** PROBLEM REQUIREMENTS **
Transcribe only the part of the material below that begins at the line containing "An important feature" and ends at the line containing "If these steps", with both kept and images left out.

** SUPPLIED DATA **

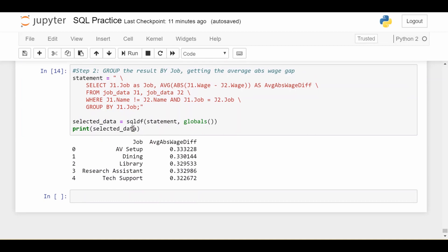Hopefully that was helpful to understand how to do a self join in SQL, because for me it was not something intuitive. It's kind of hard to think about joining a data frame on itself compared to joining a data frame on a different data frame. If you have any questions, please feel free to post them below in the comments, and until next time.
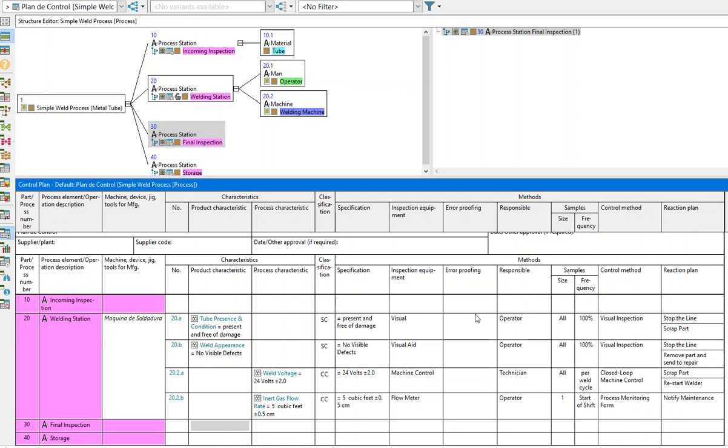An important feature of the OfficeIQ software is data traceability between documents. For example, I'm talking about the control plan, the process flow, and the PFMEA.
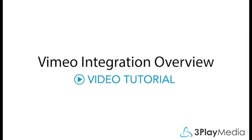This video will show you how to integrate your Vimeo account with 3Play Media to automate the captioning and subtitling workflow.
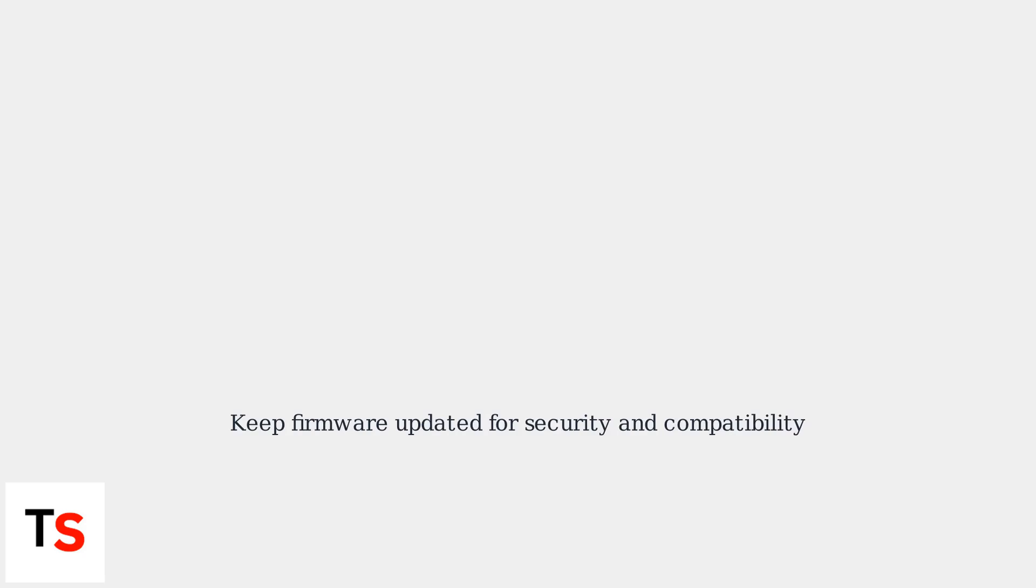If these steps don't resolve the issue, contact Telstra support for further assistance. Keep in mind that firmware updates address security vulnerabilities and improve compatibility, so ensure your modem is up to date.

...

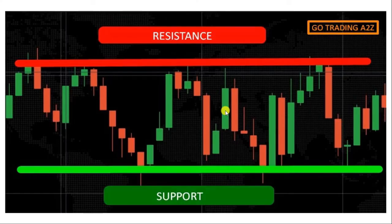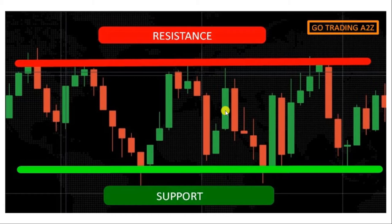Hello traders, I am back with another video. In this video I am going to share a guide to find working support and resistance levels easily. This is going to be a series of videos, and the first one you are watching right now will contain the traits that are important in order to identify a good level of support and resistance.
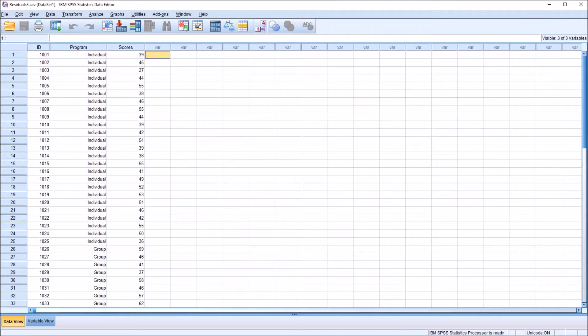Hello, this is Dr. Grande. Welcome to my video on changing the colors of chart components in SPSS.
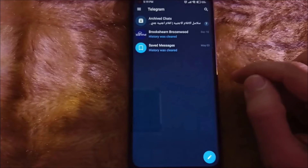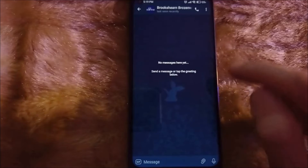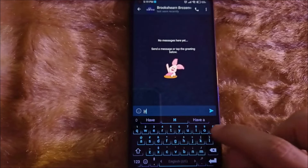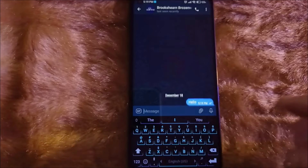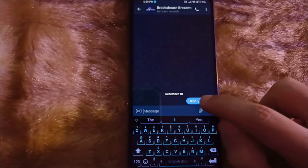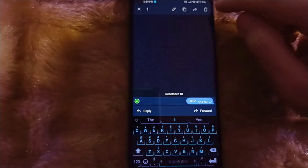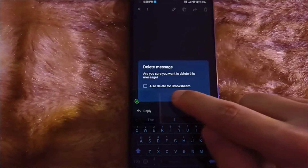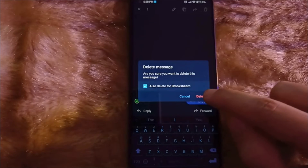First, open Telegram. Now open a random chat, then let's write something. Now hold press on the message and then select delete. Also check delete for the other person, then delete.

* * *

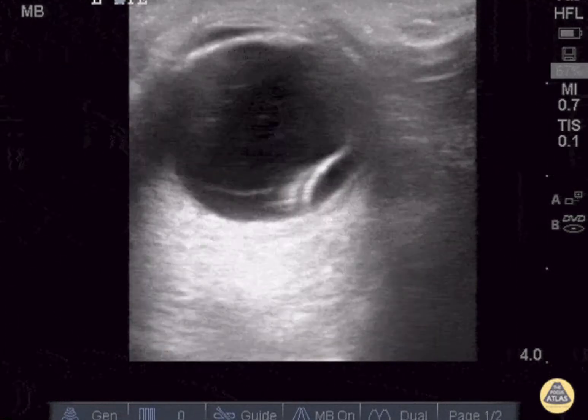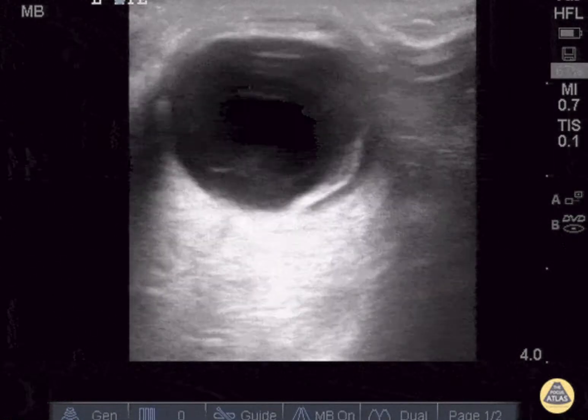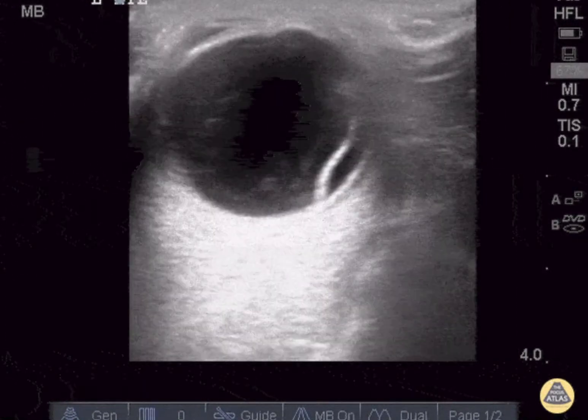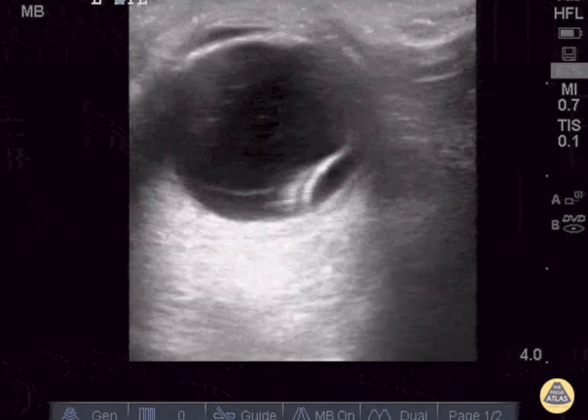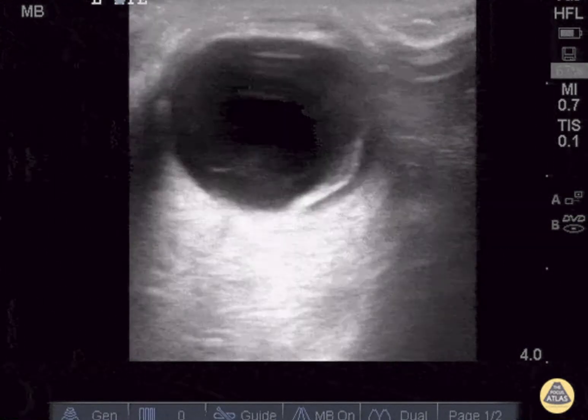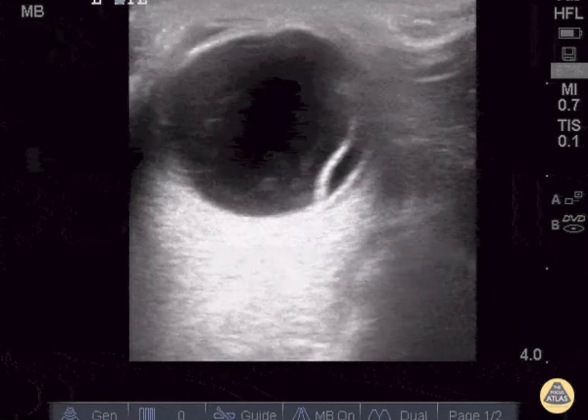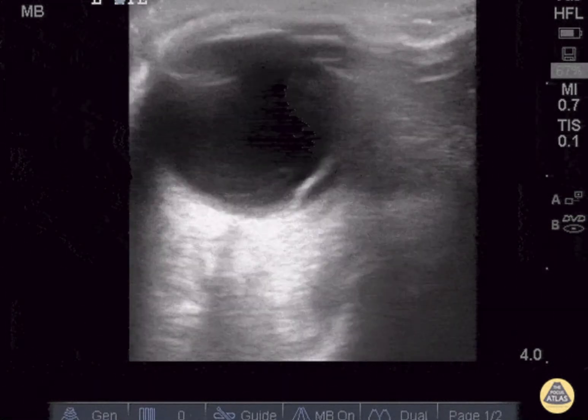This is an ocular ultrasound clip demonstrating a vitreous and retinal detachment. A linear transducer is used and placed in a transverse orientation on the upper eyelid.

** SOLUTION TO THIS PROBLEM **
An important feature of the OfficeIQ software is data traceability between documents. For example, I'm talking about the control plan, the process flow, and the PFMEA.
This video will show you how to integrate your Vimeo account with 3Play Media to automate the captioning and subtitling workflow.
If these steps don't resolve the issue, contact Telstra support for further assistance. Keep in mind that firmware updates address security vulnerabilities and improve compatibility, so ensure your modem is up to date.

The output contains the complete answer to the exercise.